> _Data section_:
========
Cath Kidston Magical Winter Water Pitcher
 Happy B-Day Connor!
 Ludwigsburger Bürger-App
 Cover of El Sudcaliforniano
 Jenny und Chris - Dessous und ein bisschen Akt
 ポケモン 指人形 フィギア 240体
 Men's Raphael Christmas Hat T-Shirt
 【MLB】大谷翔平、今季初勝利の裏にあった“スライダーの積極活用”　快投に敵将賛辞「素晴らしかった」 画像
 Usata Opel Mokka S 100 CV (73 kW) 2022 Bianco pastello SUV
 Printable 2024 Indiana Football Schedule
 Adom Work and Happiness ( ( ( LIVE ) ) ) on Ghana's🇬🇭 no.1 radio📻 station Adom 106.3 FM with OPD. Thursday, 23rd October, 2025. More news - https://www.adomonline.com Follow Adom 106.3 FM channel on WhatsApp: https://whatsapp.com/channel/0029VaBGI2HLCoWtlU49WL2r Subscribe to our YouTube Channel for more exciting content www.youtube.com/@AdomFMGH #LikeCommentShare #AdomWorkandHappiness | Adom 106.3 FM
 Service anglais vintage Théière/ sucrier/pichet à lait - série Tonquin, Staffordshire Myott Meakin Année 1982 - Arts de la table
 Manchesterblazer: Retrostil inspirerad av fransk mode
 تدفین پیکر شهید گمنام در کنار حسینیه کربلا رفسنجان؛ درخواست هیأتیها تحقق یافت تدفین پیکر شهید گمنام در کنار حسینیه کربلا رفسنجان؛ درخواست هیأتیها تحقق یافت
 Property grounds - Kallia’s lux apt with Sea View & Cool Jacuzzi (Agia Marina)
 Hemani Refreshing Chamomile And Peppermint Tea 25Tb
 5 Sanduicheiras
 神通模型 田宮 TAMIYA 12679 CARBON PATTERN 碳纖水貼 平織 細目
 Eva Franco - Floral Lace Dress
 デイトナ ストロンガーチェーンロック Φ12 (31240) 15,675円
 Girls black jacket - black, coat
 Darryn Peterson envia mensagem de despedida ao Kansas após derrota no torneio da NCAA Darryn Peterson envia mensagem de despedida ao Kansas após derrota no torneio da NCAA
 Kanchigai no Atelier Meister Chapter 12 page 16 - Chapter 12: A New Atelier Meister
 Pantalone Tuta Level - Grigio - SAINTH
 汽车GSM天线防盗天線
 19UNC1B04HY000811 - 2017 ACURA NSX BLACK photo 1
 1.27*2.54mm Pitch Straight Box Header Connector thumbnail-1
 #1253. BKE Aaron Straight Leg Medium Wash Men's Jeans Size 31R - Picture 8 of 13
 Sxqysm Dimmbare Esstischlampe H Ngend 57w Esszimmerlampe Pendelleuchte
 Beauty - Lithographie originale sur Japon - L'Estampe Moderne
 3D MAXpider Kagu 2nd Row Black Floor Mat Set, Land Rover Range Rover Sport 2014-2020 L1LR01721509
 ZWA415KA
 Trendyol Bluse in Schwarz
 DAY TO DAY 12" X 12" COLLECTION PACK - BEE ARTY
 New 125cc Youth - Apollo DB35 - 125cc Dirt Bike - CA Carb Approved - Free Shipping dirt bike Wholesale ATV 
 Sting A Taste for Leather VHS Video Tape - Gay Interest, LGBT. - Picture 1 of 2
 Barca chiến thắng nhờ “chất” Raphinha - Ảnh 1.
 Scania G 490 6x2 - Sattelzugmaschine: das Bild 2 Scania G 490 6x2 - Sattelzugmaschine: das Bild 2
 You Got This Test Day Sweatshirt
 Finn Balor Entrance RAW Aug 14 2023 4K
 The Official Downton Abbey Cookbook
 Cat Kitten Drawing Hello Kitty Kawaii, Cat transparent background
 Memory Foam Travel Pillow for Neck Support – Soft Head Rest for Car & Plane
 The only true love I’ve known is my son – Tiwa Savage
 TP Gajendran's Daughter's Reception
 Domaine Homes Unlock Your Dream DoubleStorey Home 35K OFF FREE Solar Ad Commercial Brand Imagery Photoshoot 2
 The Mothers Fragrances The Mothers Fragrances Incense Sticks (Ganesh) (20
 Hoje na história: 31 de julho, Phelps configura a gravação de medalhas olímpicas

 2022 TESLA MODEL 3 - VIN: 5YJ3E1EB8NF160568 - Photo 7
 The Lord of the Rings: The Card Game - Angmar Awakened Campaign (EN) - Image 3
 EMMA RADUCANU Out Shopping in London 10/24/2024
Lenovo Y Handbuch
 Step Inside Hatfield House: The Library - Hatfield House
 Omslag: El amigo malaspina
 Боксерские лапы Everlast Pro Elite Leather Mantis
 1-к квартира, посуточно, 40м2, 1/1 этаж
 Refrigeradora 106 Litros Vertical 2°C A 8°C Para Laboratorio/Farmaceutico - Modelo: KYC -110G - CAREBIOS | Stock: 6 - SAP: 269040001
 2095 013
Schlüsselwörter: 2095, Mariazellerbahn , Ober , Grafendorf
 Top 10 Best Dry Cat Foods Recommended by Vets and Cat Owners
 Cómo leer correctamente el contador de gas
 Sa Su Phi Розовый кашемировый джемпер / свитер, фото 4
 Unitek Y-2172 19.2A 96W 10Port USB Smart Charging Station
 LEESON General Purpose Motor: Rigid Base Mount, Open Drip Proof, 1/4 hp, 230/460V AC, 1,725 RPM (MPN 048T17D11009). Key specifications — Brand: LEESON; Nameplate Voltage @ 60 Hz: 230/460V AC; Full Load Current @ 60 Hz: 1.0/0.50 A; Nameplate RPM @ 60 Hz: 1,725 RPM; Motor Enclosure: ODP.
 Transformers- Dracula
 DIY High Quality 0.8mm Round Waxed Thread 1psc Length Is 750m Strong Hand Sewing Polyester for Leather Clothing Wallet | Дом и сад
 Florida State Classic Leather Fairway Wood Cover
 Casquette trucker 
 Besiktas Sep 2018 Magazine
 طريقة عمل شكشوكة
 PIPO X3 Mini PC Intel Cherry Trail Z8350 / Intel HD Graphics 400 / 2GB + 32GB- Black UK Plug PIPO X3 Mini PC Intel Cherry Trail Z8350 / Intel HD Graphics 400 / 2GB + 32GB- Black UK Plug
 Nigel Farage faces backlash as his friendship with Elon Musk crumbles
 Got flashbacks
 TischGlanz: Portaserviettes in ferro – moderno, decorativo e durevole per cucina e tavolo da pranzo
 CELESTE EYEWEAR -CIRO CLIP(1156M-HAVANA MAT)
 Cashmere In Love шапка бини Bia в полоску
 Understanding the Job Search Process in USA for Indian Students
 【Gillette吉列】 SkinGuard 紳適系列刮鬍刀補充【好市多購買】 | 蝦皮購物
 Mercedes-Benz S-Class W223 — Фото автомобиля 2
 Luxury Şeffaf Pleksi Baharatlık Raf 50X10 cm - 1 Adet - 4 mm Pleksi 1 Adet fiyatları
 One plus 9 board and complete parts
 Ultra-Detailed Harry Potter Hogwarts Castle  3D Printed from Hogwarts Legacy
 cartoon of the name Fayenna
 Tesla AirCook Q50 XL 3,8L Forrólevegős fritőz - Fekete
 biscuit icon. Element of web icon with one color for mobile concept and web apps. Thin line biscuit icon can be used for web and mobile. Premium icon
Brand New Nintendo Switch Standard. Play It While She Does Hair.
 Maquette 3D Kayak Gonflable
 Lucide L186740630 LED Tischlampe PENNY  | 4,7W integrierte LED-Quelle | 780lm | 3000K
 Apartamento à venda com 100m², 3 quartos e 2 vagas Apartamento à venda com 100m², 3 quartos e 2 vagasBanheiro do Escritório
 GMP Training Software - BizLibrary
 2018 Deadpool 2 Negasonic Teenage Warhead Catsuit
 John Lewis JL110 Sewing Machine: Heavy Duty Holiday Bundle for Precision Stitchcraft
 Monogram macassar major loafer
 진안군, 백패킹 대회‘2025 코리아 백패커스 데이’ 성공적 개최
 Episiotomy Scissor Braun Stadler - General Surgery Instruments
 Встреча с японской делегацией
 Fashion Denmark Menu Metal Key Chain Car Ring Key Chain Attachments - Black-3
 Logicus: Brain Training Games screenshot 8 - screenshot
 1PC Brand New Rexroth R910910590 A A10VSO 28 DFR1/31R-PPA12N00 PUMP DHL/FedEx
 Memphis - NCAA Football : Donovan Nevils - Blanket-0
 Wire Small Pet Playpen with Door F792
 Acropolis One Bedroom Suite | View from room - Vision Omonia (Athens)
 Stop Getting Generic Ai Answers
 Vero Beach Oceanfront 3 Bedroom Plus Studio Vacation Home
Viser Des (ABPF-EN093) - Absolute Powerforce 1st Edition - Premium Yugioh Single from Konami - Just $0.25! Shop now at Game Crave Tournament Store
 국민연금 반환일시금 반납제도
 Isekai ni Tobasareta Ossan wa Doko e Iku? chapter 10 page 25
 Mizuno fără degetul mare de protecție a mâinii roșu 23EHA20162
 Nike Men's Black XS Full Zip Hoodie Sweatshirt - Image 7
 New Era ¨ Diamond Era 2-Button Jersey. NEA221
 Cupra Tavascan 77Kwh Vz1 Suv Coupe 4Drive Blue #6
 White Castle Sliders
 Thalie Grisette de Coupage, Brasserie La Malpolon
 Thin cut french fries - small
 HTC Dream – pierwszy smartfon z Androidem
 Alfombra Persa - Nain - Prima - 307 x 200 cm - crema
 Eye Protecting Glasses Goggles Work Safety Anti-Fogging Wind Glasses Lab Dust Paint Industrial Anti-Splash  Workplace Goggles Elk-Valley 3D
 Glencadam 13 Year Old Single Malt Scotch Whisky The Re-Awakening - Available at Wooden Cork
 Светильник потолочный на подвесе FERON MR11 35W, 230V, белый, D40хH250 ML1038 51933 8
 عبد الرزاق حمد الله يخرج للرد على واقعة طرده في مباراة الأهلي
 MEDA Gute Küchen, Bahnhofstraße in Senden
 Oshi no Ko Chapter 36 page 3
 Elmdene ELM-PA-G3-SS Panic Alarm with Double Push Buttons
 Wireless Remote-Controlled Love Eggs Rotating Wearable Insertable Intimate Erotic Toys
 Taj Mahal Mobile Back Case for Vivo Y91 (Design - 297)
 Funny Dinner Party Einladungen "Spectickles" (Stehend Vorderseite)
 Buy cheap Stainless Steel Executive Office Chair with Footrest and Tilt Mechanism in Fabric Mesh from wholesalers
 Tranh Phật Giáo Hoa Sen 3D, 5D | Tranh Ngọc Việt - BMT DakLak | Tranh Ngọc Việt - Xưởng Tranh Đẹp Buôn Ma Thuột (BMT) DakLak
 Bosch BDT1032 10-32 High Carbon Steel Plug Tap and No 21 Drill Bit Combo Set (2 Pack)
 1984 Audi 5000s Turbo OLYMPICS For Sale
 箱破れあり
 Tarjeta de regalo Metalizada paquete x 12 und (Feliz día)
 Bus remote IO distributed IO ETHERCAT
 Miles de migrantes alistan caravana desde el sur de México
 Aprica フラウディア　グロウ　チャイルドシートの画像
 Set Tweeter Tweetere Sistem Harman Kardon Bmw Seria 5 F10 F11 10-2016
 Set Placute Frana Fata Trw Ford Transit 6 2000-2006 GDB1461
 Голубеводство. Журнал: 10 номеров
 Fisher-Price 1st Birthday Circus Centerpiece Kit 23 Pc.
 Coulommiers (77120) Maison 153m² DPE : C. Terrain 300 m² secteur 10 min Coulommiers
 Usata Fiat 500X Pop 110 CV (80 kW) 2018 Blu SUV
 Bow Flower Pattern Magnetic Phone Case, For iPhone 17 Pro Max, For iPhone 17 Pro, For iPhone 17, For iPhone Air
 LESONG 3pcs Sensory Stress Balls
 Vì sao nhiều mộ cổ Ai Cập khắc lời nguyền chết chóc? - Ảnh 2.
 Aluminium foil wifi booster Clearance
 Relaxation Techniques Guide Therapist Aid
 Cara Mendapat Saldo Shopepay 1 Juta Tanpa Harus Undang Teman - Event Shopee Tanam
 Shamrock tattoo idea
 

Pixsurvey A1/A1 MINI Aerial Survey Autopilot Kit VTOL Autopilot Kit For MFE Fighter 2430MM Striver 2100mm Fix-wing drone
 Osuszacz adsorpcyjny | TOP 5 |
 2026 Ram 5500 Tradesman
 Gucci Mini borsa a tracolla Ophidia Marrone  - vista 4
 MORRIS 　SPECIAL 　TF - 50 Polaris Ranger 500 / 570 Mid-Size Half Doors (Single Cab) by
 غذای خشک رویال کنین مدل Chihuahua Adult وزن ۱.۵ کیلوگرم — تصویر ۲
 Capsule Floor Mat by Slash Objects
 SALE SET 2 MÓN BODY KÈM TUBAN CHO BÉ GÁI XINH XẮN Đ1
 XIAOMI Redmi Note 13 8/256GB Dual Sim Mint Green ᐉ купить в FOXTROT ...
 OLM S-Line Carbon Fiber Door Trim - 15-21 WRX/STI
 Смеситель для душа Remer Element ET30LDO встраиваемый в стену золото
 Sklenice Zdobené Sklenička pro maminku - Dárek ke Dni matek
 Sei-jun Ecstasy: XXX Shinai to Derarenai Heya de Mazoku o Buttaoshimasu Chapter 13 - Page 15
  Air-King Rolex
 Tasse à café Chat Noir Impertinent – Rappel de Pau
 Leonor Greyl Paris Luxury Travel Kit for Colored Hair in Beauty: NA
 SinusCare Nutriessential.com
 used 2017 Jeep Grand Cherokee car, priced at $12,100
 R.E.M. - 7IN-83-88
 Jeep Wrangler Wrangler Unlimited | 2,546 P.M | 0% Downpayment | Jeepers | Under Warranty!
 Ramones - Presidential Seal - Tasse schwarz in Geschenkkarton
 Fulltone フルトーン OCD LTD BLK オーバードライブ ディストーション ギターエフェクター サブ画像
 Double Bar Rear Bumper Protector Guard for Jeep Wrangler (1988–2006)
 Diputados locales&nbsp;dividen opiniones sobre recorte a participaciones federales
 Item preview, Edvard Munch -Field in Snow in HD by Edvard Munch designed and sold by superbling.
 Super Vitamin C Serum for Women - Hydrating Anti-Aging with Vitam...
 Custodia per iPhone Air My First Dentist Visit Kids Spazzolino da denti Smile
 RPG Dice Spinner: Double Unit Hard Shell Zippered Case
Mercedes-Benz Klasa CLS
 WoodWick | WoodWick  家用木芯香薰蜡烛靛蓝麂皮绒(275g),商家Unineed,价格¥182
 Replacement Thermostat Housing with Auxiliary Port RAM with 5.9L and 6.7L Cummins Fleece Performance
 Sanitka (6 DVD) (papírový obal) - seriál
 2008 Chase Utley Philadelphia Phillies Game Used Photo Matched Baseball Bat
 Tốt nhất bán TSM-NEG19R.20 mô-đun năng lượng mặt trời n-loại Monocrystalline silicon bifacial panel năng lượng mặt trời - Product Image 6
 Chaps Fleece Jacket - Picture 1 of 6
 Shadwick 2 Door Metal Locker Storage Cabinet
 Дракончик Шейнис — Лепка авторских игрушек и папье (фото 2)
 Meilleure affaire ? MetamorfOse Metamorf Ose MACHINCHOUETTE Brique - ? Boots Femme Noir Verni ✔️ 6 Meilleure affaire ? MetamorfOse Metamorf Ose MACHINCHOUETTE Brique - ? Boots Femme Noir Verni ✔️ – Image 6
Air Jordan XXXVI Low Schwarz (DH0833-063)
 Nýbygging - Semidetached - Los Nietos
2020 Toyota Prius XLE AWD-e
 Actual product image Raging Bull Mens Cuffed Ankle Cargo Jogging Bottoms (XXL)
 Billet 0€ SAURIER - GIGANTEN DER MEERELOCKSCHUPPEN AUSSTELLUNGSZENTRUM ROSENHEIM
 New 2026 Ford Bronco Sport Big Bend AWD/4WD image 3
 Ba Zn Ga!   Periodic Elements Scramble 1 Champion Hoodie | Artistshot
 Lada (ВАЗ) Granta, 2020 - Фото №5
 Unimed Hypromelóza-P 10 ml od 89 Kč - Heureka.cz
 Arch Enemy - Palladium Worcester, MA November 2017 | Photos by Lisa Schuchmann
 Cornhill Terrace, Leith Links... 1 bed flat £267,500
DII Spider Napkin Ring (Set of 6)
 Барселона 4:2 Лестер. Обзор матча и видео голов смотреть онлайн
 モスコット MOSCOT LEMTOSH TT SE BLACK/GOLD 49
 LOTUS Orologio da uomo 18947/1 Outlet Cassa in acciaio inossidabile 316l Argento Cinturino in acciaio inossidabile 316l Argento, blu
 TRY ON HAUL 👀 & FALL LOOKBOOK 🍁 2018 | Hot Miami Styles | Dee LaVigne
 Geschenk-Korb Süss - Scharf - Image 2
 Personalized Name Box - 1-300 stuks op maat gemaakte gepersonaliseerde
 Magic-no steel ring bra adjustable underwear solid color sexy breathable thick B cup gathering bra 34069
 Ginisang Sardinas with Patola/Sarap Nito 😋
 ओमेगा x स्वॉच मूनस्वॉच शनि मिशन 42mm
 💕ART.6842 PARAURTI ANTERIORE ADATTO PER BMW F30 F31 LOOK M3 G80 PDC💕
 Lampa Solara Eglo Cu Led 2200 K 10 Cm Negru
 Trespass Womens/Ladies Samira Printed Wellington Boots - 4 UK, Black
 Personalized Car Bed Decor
========
> _Work required_: Go through the data and return each line where the word "High" appears.

> _Answer space_:
 DIY High Quality 0.8mm Round Waxed Thread 1psc Length Is 750m Strong Hand Sewing Polyester for Leather Clothing Wallet | Дом и сад
 Bosch BDT1032 10-32 High Carbon Steel Plug Tap and No 21 Drill Bit Combo Set (2 Pack)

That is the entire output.